# I have nice friends........ a nice Mesquite



## David Hill (Mar 22, 2014)

We got out to the ranch and the tree is a really nice Mesquite with a good reasonably straight trunk. I got out my trusty chainsaw and went to work With the help of his tractor, it was cut and loaded in about an hour.
Glad I got this before it gets really hot---was about 75 here today. Perfect timing since I have some orders for items that take big blanks & I'm a little short of those. We were even able to get the root ball & the wood there looks really interesting.
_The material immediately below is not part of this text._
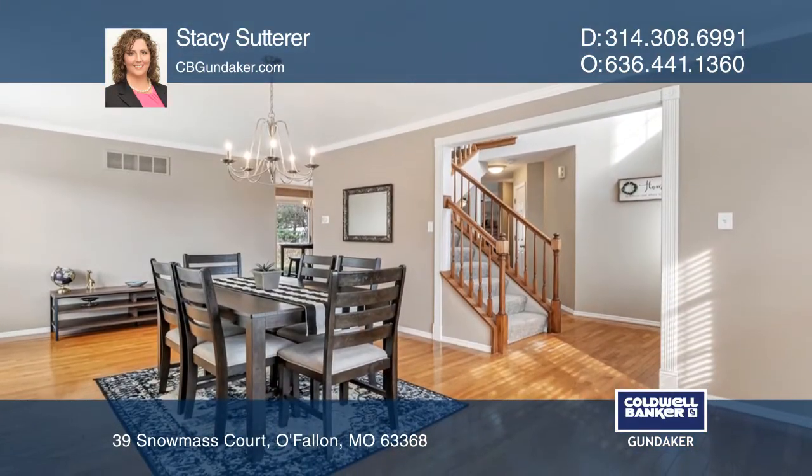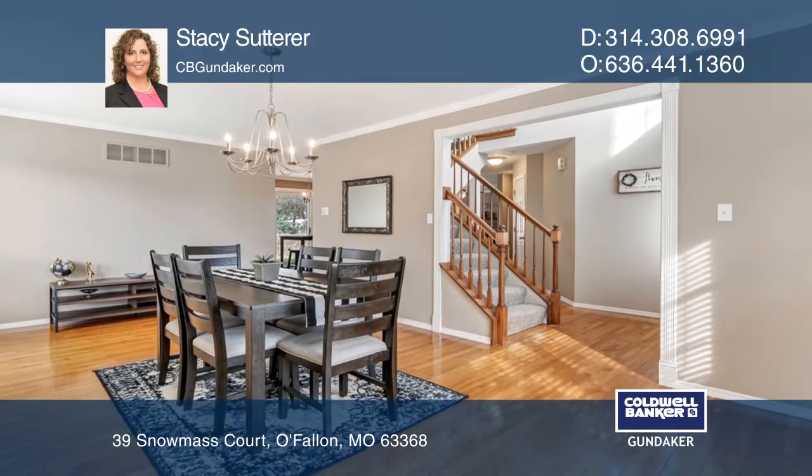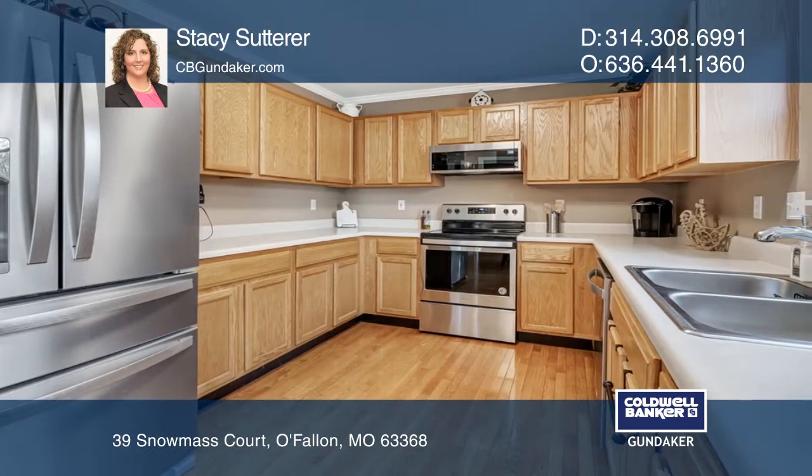Main level has hardwood floors throughout, a spacious living, dining room and family room with gas fireplace and bay windows.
Reactions: Like 9 | EyeCandy! 1


----------



## woodtickgreg (Mar 23, 2014)

Very cool! Free wood always seems better don't it? LOL


----------



## SDB777 (Mar 23, 2014)

I gotta ask.....

Why such short pieces, doesn't that make it hard to mill?
Or are you 'processing' the chunks in some other manner? (I'd like to see the 'set-up')
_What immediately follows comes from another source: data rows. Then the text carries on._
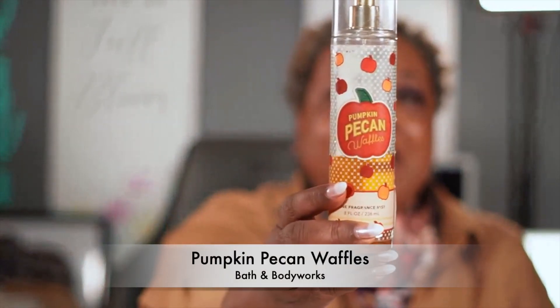This is almost gone and I don't have a backup of this — Pumpkin Pecan Waffles by Bath and Body Works Fragrance Mist. This is maple syrup, golden waffles, pumpkin spice and brown sugar, just beautifully blended with the Kamra. I got lots of compliments today at church. It's just really yummy, delicious, but at the same time a little boozy as well with the Kamra.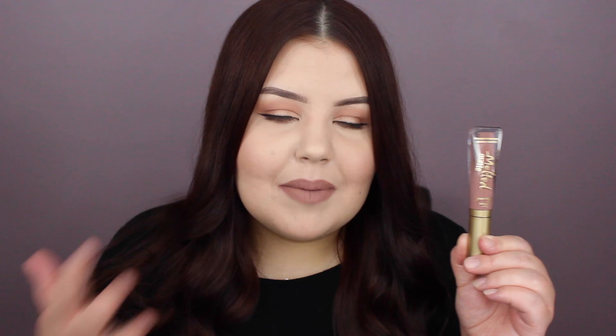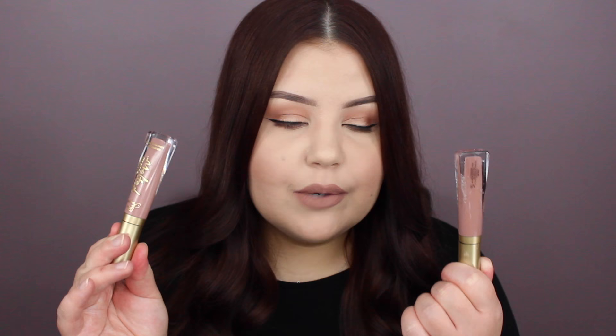Shade number five is called Cool Girl. Too Faced describes this as a true nude, but I don't feel like it's a true nude on me — maybe if you have more of a medium skin tone. It's actually really similar to Child Star, just the deeper, slightly more brown-toned version. I'm not super into these kinds of nude shades so I don't have too much to say. The formula and application are fine, so if you're into these lip colors it's a really great option.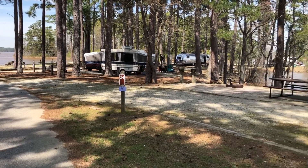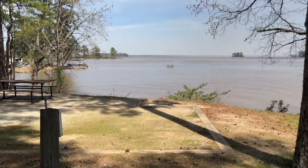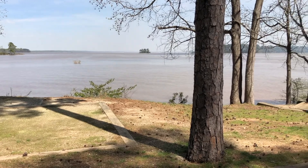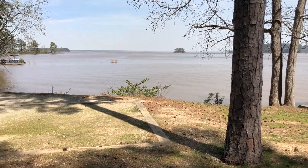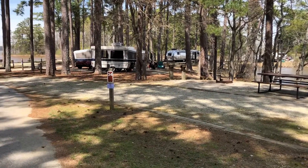This is site 34 at Mistletoe State Park. It's a narrow site, but it's deep with plenty of parking. It's right on the water, which gives an excellent view. It has a fire pit, a picnic table, and an electrical and water hookup. It's a very nice site.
And finally(I know, will he shut-up already), what you gonna do with the stump? Pressure washing or some sort of 'tea-bagging' set-up to get the dirt off....



Regardless, free timber is always way up on the chart of 'just too cool'! Can't wait to see what the insides look like(hint,hint)







Scott (nice trailer too) B

Reactions: Like 1


----------



## Kevin (Mar 23, 2014)

Those are some really nice skeet logs. Looks like honey mesquite. Hard to find them that large without lots of shake.


----------



## David Hill (Mar 23, 2014)

SDB777 said:


> I gotta ask.....
> Why such short pieces, doesn't that make it hard to mill?



Scott,
I process them mostly as I need'em or have a day when I feel like using my chainsaw--freehand. After doing this a few times/patience my cuts are pretty good-for me anyway.
Plus I use really aggressive chains so it doesn't take as long to make the rip cuts (with appropriate safety attire).


----------